» ASSIGNMENT
Give all of the data below again exactly, and drop the images.

» DATASET EXTRACT
########################################
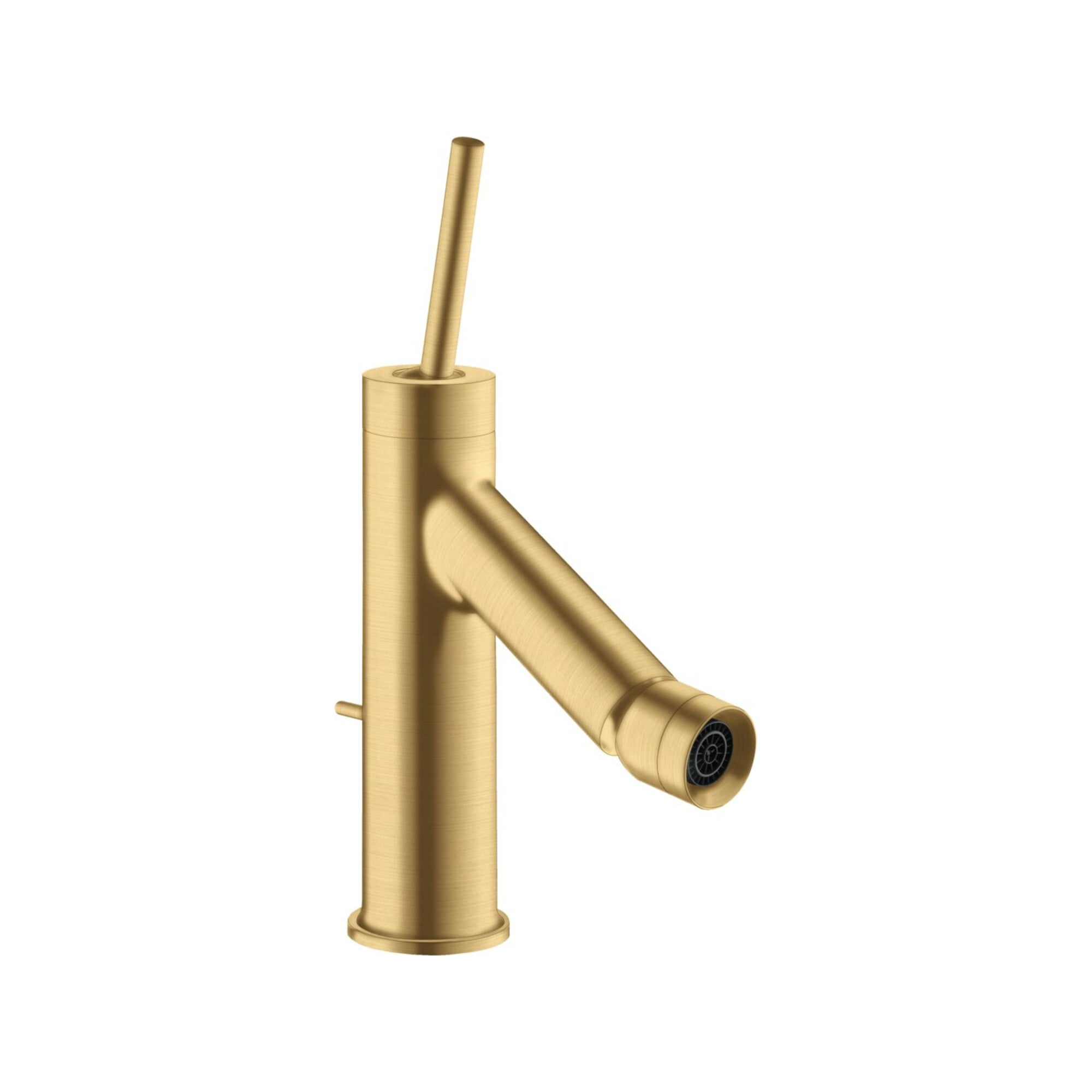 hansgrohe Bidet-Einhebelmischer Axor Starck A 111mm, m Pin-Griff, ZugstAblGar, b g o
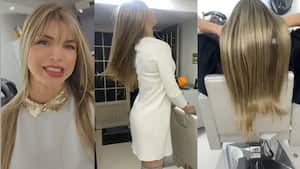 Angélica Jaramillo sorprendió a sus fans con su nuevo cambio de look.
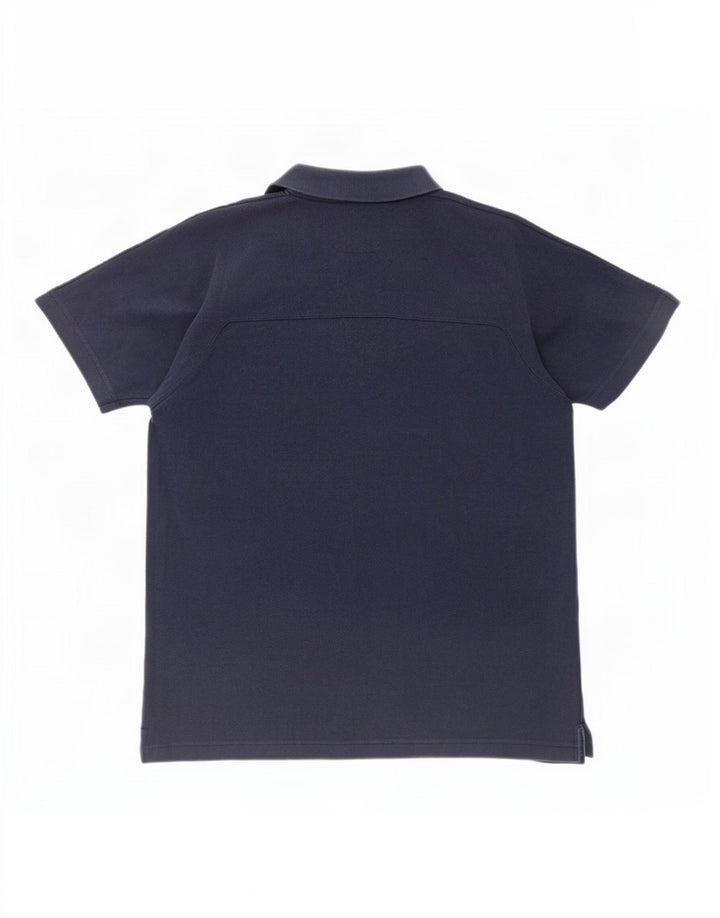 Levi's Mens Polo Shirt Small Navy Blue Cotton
########################################
» TASK RESPONSE
 hansgrohe Bidet-Einhebelmischer Axor Starck A 111mm, m Pin-Griff, ZugstAblGar, b g o
 Angélica Jaramillo sorprendió a sus fans con su nuevo cambio de look.
 Levi's Mens Polo Shirt Small Navy Blue Cotton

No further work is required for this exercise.